The visitors say something, on occasion, like "her genius was underrated" or "wasn't her ambition a little bit too studied?" Sometimes they would even broach a wider issue and whisper: "Gauguin almost works for me, but doesn't" and "Cezanne almost doesn't work for me, but does". Most often, however, they settle on "My God this is awful". 

And through all of that, he looks bored but intelligent. Aloof yet self-confident. A man of mystery. 

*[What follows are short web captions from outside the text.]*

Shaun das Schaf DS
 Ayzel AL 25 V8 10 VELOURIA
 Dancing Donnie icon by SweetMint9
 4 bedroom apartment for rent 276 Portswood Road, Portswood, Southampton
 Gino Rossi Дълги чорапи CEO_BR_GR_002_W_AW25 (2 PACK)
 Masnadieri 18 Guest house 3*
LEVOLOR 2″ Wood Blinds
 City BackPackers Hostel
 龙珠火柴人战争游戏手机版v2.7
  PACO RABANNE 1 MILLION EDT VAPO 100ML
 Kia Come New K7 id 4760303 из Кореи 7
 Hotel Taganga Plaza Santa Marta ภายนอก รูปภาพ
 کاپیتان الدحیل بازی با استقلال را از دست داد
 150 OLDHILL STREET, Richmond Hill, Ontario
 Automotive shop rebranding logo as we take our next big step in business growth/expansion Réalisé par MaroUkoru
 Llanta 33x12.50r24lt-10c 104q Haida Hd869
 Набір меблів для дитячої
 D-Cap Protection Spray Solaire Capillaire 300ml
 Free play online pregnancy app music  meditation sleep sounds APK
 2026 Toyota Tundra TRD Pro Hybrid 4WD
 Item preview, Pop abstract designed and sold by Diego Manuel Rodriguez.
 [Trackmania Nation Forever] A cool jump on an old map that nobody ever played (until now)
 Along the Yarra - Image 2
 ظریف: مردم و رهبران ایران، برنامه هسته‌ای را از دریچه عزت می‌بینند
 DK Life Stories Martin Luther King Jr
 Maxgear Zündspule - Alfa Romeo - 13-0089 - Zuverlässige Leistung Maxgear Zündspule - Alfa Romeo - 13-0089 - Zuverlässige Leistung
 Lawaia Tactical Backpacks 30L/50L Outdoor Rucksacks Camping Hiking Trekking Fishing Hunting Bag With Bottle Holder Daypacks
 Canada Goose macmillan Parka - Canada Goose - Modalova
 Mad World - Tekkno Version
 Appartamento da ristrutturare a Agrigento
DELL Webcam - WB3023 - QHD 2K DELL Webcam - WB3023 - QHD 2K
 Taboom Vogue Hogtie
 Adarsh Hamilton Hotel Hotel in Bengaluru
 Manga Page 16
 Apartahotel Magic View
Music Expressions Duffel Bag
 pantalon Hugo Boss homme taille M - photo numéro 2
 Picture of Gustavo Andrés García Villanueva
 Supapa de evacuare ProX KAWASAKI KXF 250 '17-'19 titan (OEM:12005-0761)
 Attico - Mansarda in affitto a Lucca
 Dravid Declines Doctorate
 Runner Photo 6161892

But here's the funny thing: they do not notice the young man. Almost no one does. I try to cut him open with a sideways glance, but my knife is much too blunt. I can't get in, though not for want of trying. He's been here for days, weeks, months, in this tiny room overlooked by red cubes, black squares and disfigured farmers. To him, we are hopeless drifters. I think that in all this time surrounded by Kandinsky and Pollock... well, he must have learnt some underlying mystery, but his eyes give away so little.

There is, however, a chance that he knows no mystery. All these years in the sun are fake years, they taught him nothing beyond the fleeting backs of a million visitors.  

Either way, I can't write about him. For if I do, a story or perhaps a novel, something stretching beyond this brief sketch here, I'm afraid that I could accidentally find him out.